** Action item **
Wherever pictures occur in the entries below, leave them out and retype the rest exactly.

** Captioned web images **

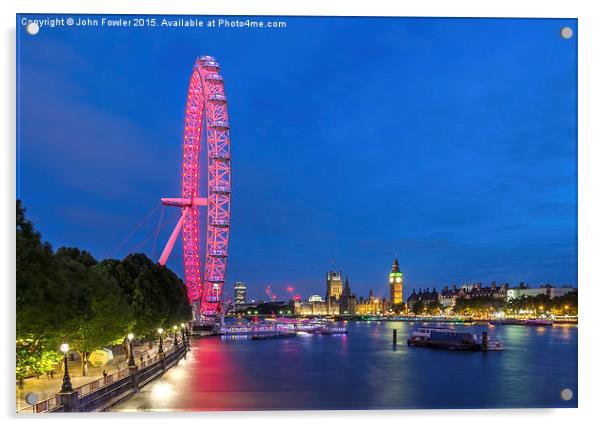  London Eye At Night  Acrylic by John Fowler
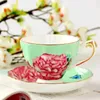 Tasses Saucers British Bone China Coffee Café Tasse et soucoupe Set Porcelain Céramique Flower Tea Cups Household Office Cafe Caware Gift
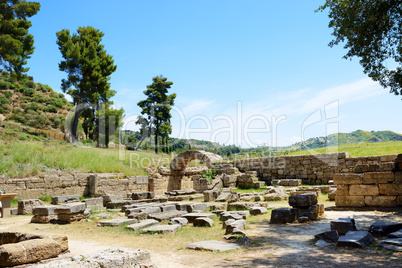 The entrance in ancient Olympia Stadium, Peloponnes, Greece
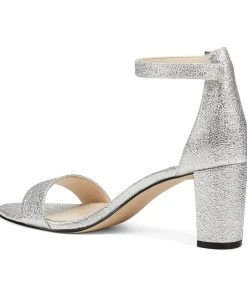 Nine West Pruce Ankle Strap Block Heel Sandals Metallic Mindset 10 Nine West Pruce Ankle Strap Block Heel Sandals Metallic Mindset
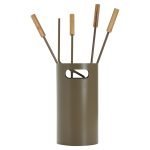 Ξύλο Ελιάς/Καφέ Ελιάς Εργαλεία Τζακιού Σε Κουβαδάκι Ζωγομετάλ Κ32-1240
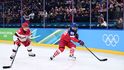 David Pastrňák proti Dánsku na ZOH 2026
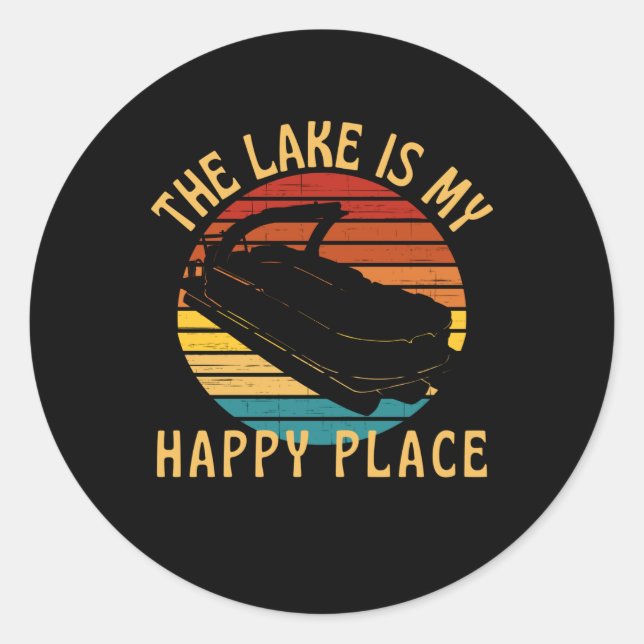 Sticker Rond Le Lac Est Mon Heureux Lieu Pontoon Boat (Devant)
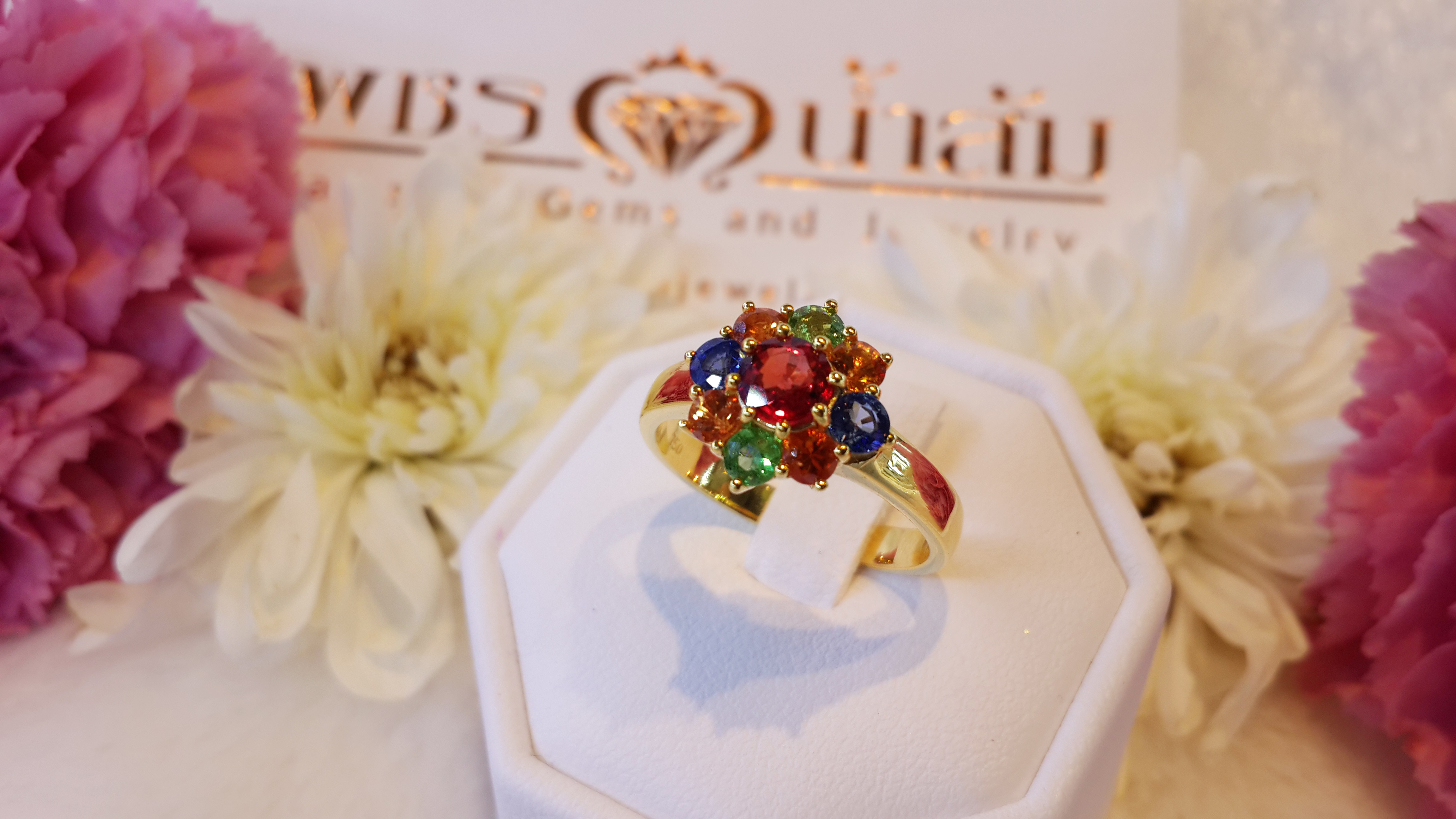 แหวนFancy Sapphire ทรงดอกไม้น่ารัก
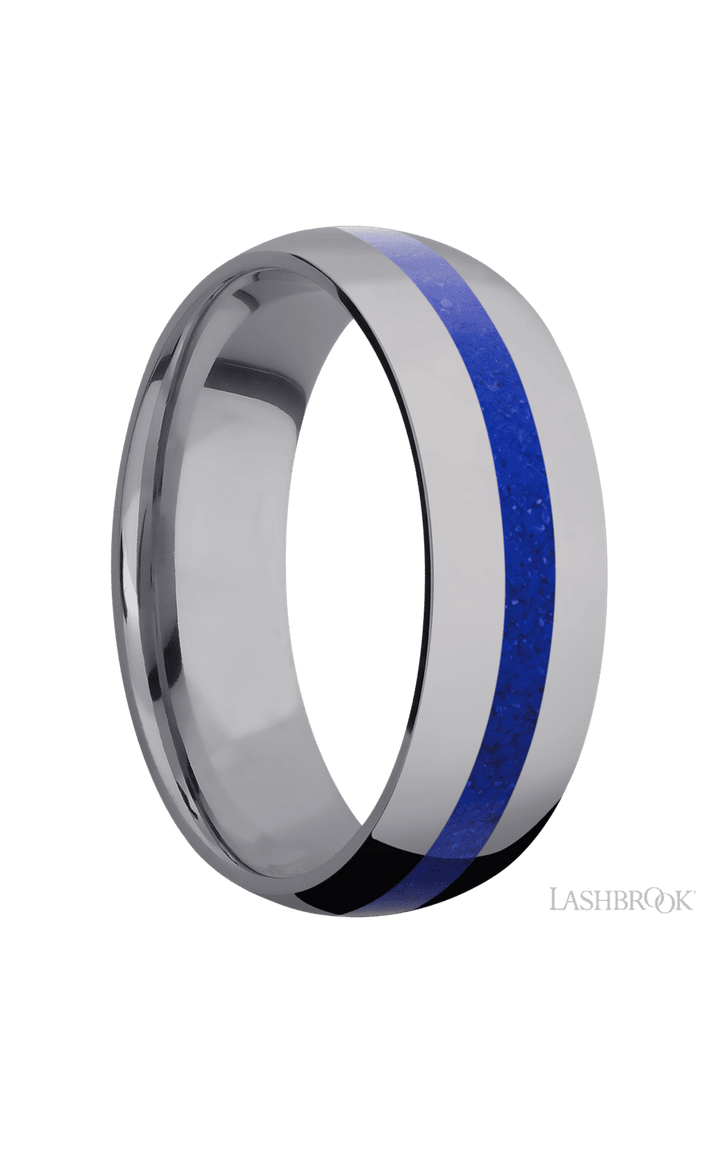 7 mm wide/Domed/Tantalum band with one 2 mm Centered inlay of Lapis.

** Solution **
  London Eye At Night  Acrylic by John Fowler
 Tasses Saucers British Bone China Coffee Café Tasse et soucoupe Set Porcelain Céramique Flower Tea Cups Household Office Cafe Caware Gift
 The entrance in ancient Olympia Stadium, Peloponnes, Greece
 Nine West Pruce Ankle Strap Block Heel Sandals Metallic Mindset 10 Nine West Pruce Ankle Strap Block Heel Sandals Metallic Mindset
 Ξύλο Ελιάς/Καφέ Ελιάς Εργαλεία Τζακιού Σε Κουβαδάκι Ζωγομετάλ Κ32-1240
 David Pastrňák proti Dánsku na ZOH 2026
 Sticker Rond Le Lac Est Mon Heureux Lieu Pontoon Boat (Devant)
 แหวนFancy Sapphire ทรงดอกไม้น่ารัก
 7 mm wide/Domed/Tantalum band with one 2 mm Centered inlay of Lapis.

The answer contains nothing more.